Search code examples
multithreadingpowershellrunspace

Powershell | How can I use Multi Threading for my File Deleter Powershell script?


So I've written a Script to delete files in a specific folder after 5 days. I'm currently implementing this in a directory with hundreds of thousands of files and this is taking a lot of time.

This is currently my code:

#Variables
$path = "G:\AdeptiaSuite\AdeptiaSuite-6.9\AdeptiaServer\ServerKernel\web\repository\equalit\PFRepository"
$age = (Get-Date).AddDays(-5) # Defines the 'x days old' (today's date minus x days)

# Get all the files in the folder and subfolders | foreach file
Get-ChildItem $path -Recurse -File | foreach{

    # if creationtime is 'le' (less or equal) than $age
    if ($_.CreationTime -le $age){
        Write-Output "Older than $age days - $($_.name)"
        Remove-Item $_.fullname -Force -Verbose # remove the item
    }

    else{
        Write-Output "Less than $age days old - $($_.name)"
    }
}

I've searched around the internet for some time now to find out how to use Runspaces, however I find it very confusing and I'm not sure how to implement it with this script. Could anyone please give me an example of how to use Runspaces for this code?

Thank you very much!

EDIT: I've found this post: https://adamtheautomator.com/powershell-multithreading/

And ended up changing my script to this:

    $Scriptblock = {
    # Variables
    $path = "G:\AdeptiaSuite\AdeptiaSuite-6.9\AdeptiaServer\ServerKernel\web\repository\equalit\PFRepository"
    $age = (Get-Date).AddDays(-5) # Defines the 'x days old' (today's date minus x days)

    # Get all the files in the folder and subfolders | foreach file
    Get-ChildItem $path -Recurse -File | foreach{

        # if creationtime is 'le' (less or equal) than $age
        if ($_.CreationTime -le $age){
            Write-Output "Older than $age days - $($_.name)"
            Remove-Item $_.fullname -Force -Verbose # remove the item
        }

        else{
            Write-Output "Less than $age days old - $($_.name)"
        }
    }
}

$MaxThreads = 5
$RunspacePool = [runspacefactory]::CreateRunspacePool(1, $MaxThreads)
$RunspacePool.Open()
$Jobs = @()

1..10 | Foreach-Object {
    $PowerShell = [powershell]::Create()
    $PowerShell.RunspacePool = $RunspacePool
    $PowerShell.AddScript($ScriptBlock).AddArgument($_)
    $Jobs += $PowerShell.BeginInvoke()
}

while ($Jobs.IsCompleted -contains $false) {
    Start-Sleep 1
}

However I'm not sure if this works correctly now, I don't get any error's however the Terminal doesn't do anything, so I'm not sure wether it works or just doesn't do anything.

I'd love any feedback on this!


Solution

  • The easiest answer is: get PowerShell v7.2.5 (look in the assets for PowerShell-7.2.5-win-x64.zip), download and extract it.
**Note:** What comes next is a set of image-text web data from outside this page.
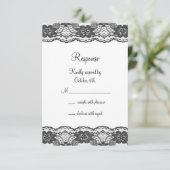 Delikate und Lacy-UAWG (weiß) RSVP Karte (Stehend Vorderseite)
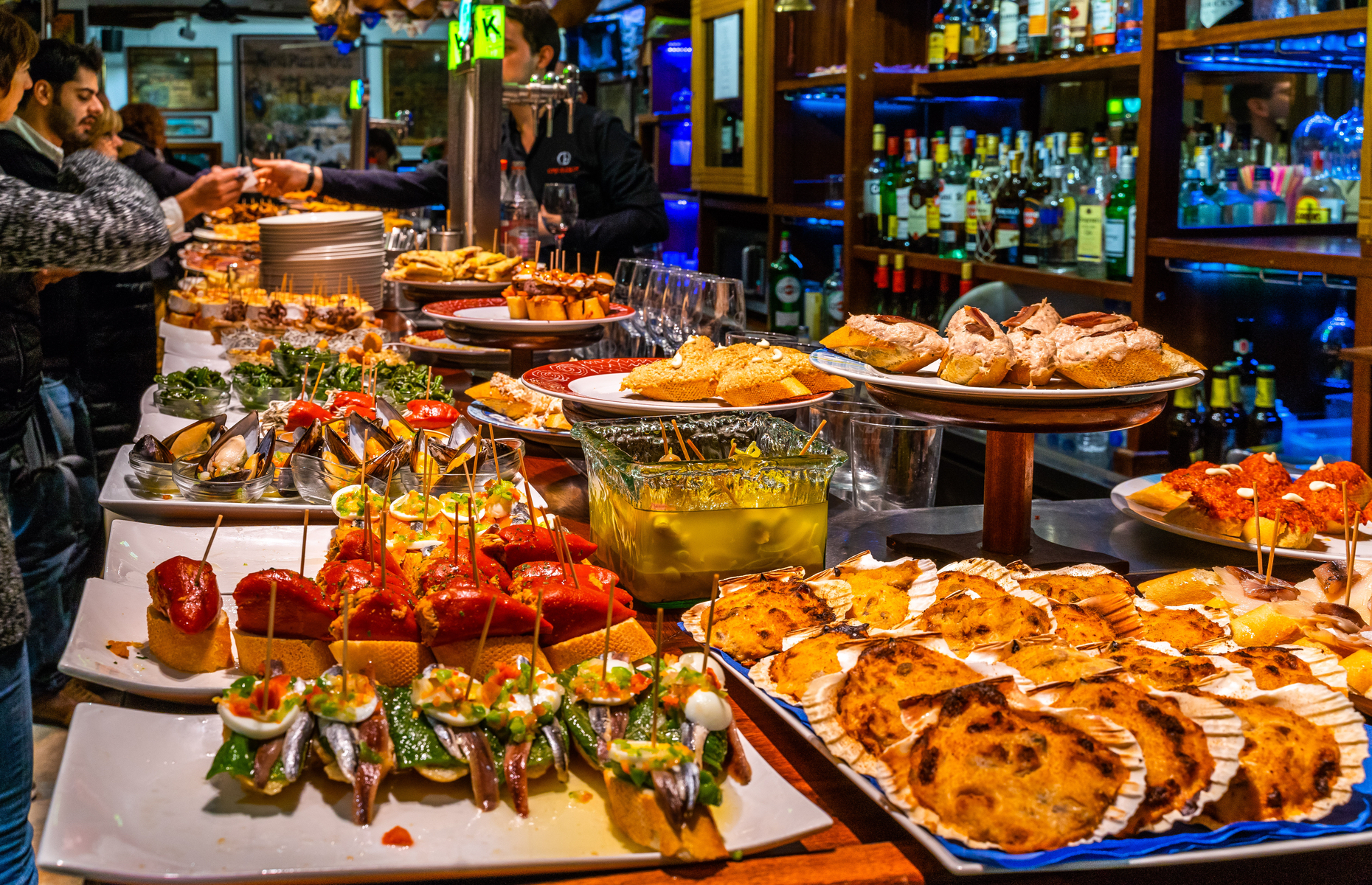 Pinxtos in a bar in San Sebastian (Image: Francesco Bonino/Shutterstock)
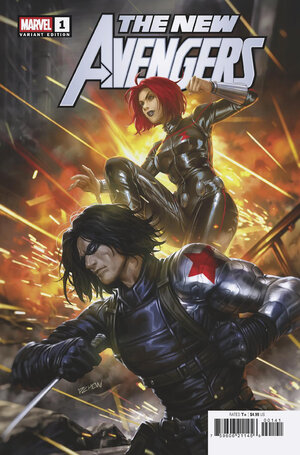 [NEW AVENGERS #1 DERRICK CHEW BLACK WIDOW AND WINTER SOLDIER VARIANT A]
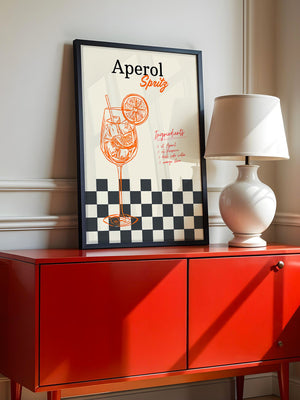 Aperol Spritz Retro Illustration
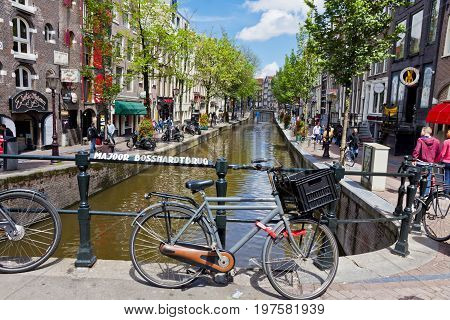 Red Light District In Amsterdam, Netherlands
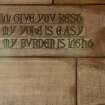 Hospital Chapel. Detail of carved stone inscription: 'I will give you rest for my yoke is easy and my burden is light' 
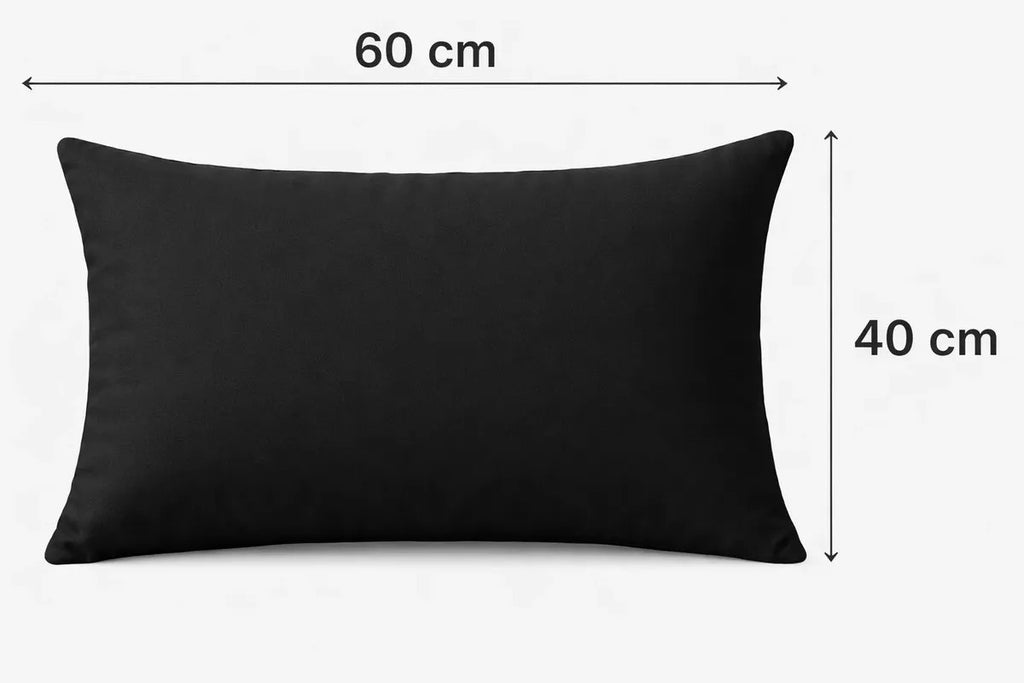 Combo x4 Almohadas Vellón Premium 60x35 cm Negro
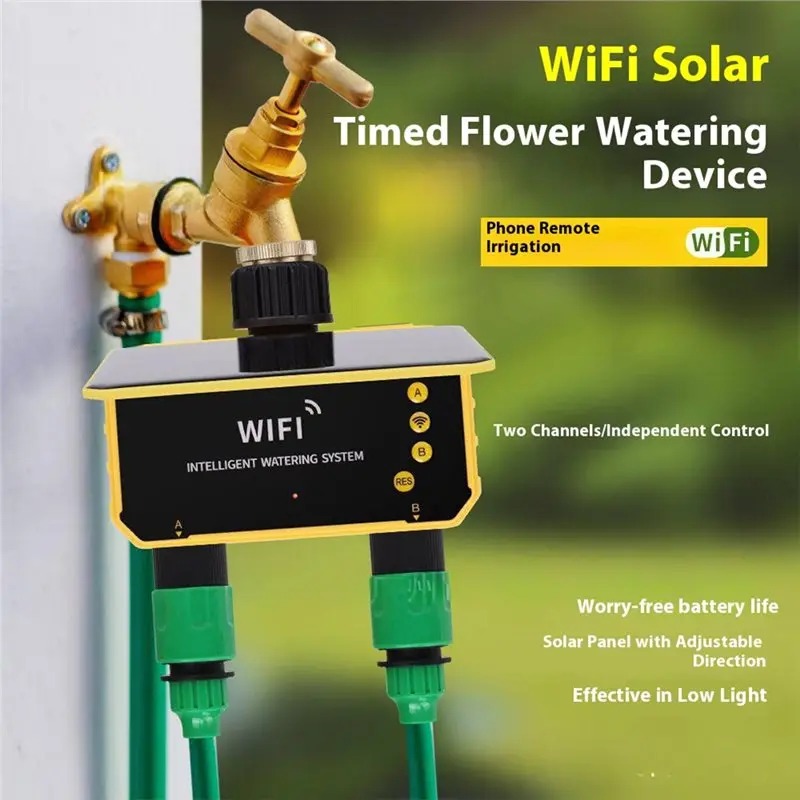 1/2 Uitgangen WIFI Zonne-irrig - Smart Garden Monitoring System recensie en prijs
It's a no-install PowerShell 7 which has easy multithreading and lets you change foreach { to foreach -parallel {. The executable is pwsh.exe.


    But, if it's severely overloading the server, running it several times will only make things worse, right? And I think the Get-ChildItem will be the slowest part, putting the most load on the server, and so doing the delete in parallel probably won't help.

    I would first try changing the script to this shape:

    $path = "G:\AdeptiaSuite\AdeptiaSuite-6.9\AdeptiaServer\ServerKernel\web\repository\equalit\PFRepository"
    $age = (Get-Date).AddDays(-5)
    
    $logOldFiles = [System.IO.StreamWriter]::new('c:\temp\log-oldfiles.txt')
    $logNewFiles = [System.IO.StreamWriter]::new('c:\temp\log-newfiles.txt')
    
    Get-ChildItem $path -Recurse -File | foreach {
    
        if ($_.CreationTime -le $age){
            $logOldFiles.WriteLine("Older than $age days - $($_.name)")
            $_   # send file down pipeline to remove-item
        }
        else{
            $logNewFiles.WriteLine("Less than $age days old - $($_.name)")
        }
    } | Remove-Item -Force
    
    $logOldFiles.Close()
    $logNewFiles.Close()
    

    So it pipelines into remove-item and doesn't send hundreds of thousands of text lines to the console (also a slow thing to do).

    If that doesn't help, I would switch to robocopy /L and maybe look at robocopy /L /MINAGE... to do the file listing, then process that to do the removal.

    (I also removed the comments which just repeat the lines of code # removed comments which repeat what the code says. The code tells you what the code says # read the code to see what the code does. Comments should tell you why the code does things, like who wrote the script and what business case was it solving, what is the PFRepository, why is there a 5 day cutoff, or whatever.)